- **PROVIDED DATA**
[Start of Attachment]
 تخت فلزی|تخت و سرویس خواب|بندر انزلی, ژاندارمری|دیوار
[End of Attachment]
[Start of Attachment]
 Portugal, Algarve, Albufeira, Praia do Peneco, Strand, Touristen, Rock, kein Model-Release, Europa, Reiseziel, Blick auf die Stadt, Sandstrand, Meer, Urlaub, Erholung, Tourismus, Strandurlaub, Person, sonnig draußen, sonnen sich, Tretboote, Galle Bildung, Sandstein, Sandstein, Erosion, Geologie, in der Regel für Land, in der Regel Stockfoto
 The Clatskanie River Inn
[End of Attachment]
[Start of Attachment]
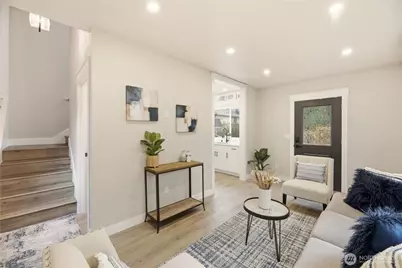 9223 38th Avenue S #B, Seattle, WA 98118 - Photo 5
[End of Attachment]
- **PROBLEM STATEMENT**
Above are the lines; repeat exactly the ones from the line containing "Portugal, Algarve, Albufeira, Praia" down to the line containing "The Clatskanie River Inn", both inclusive.

- **SOLUTION TO THIS PROBLEM**
 Portugal, Algarve, Albufeira, Praia do Peneco, Strand, Touristen, Rock, kein Model-Release, Europa, Reiseziel, Blick auf die Stadt, Sandstrand, Meer, Urlaub, Erholung, Tourismus, Strandurlaub, Person, sonnig draußen, sonnen sich, Tretboote, Galle Bildung, Sandstein, Sandstein, Erosion, Geologie, in der Regel für Land, in der Regel Stockfoto
 The Clatskanie River Inn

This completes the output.